--- Entries provided Enclosed Below ---

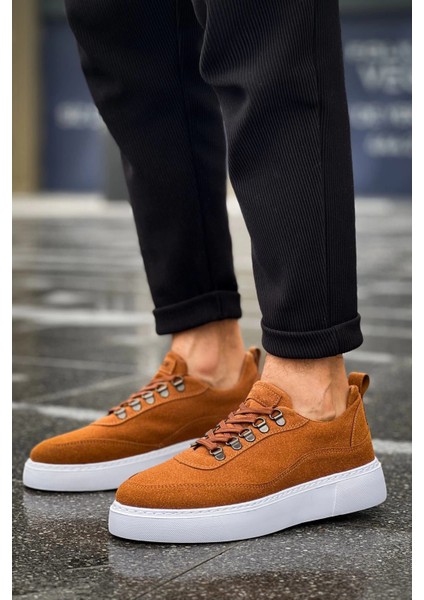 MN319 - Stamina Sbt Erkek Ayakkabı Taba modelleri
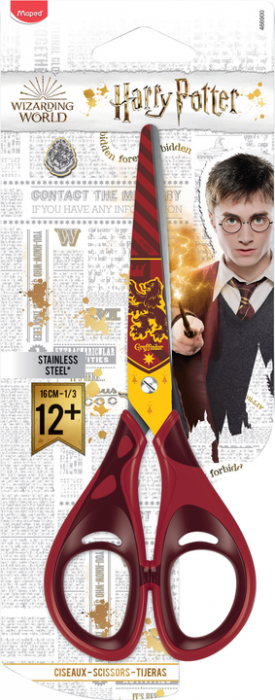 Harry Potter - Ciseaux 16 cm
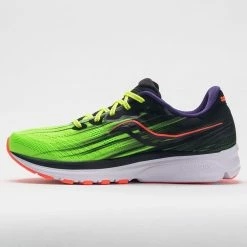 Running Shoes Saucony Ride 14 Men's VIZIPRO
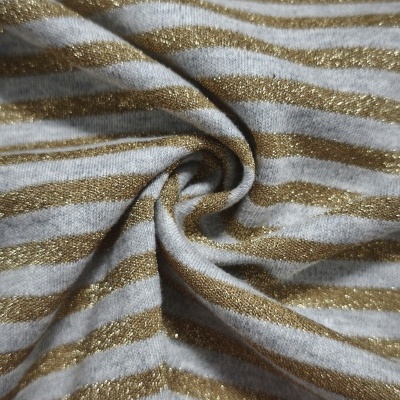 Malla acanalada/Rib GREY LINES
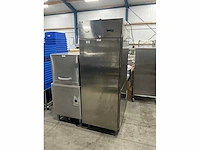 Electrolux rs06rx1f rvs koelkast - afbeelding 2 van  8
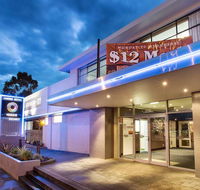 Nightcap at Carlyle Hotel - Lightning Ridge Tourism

--- End of Enclosed Entries provided ---
--- Entries provided Enclosed Below ---

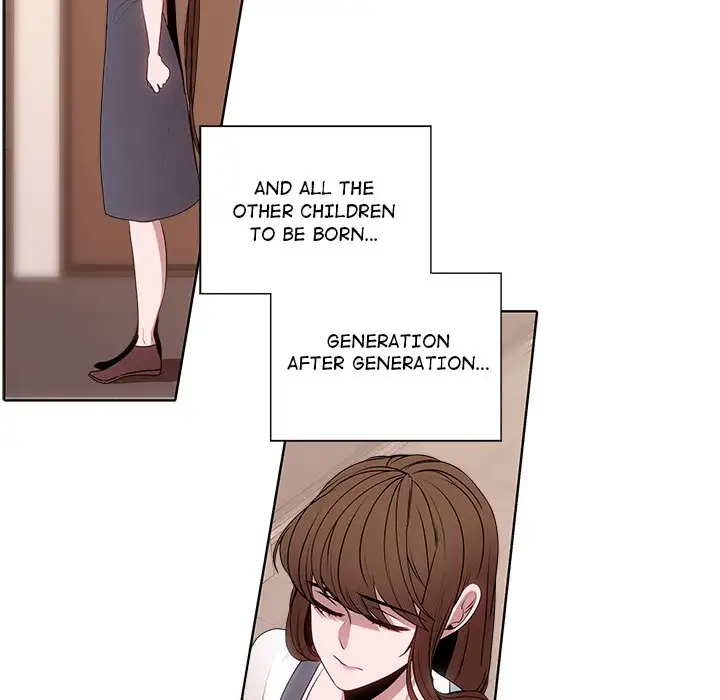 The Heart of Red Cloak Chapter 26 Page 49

--- End of Enclosed Entries provided ---
--- Entries provided Enclosed Below ---

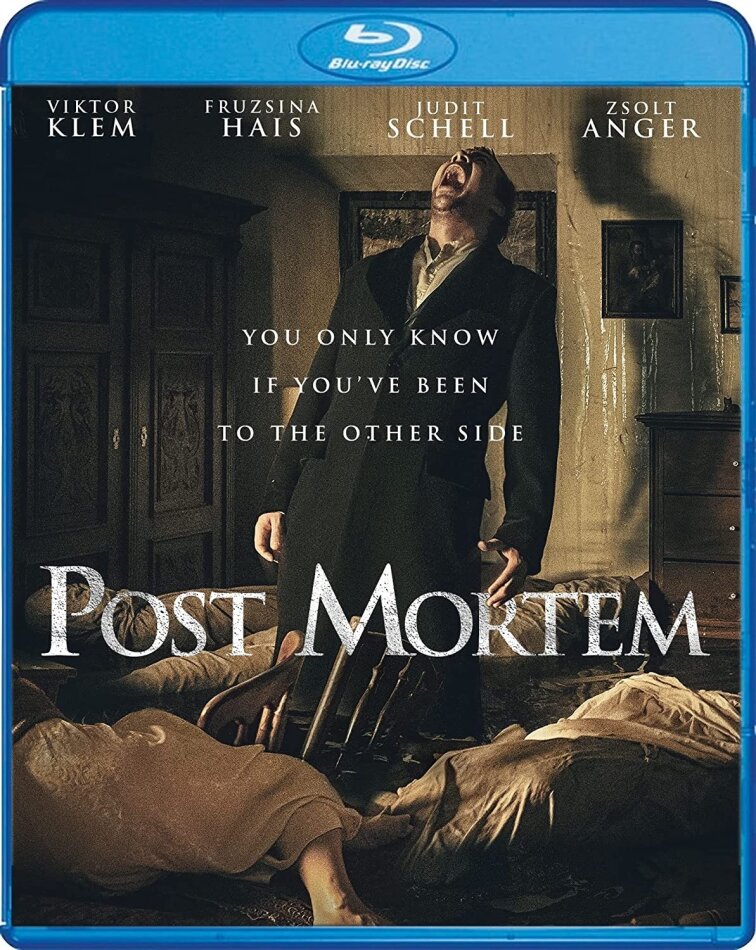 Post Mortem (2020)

--- End of Enclosed Entries provided ---

What you should do —
With the pictures omitted, copy exactly the lines of the listing above starting at the line containing "Harry Potter - Ciseaux 16 cm" and ending at the line containing "Nightcap at Carlyle", both included.

Result below —
 Harry Potter - Ciseaux 16 cm
 Running Shoes Saucony Ride 14 Men's VIZIPRO
 Malla acanalada/Rib GREY LINES
 Electrolux rs06rx1f rvs koelkast - afbeelding 2 van  8
 Nightcap at Carlyle Hotel - Lightning Ridge Tourism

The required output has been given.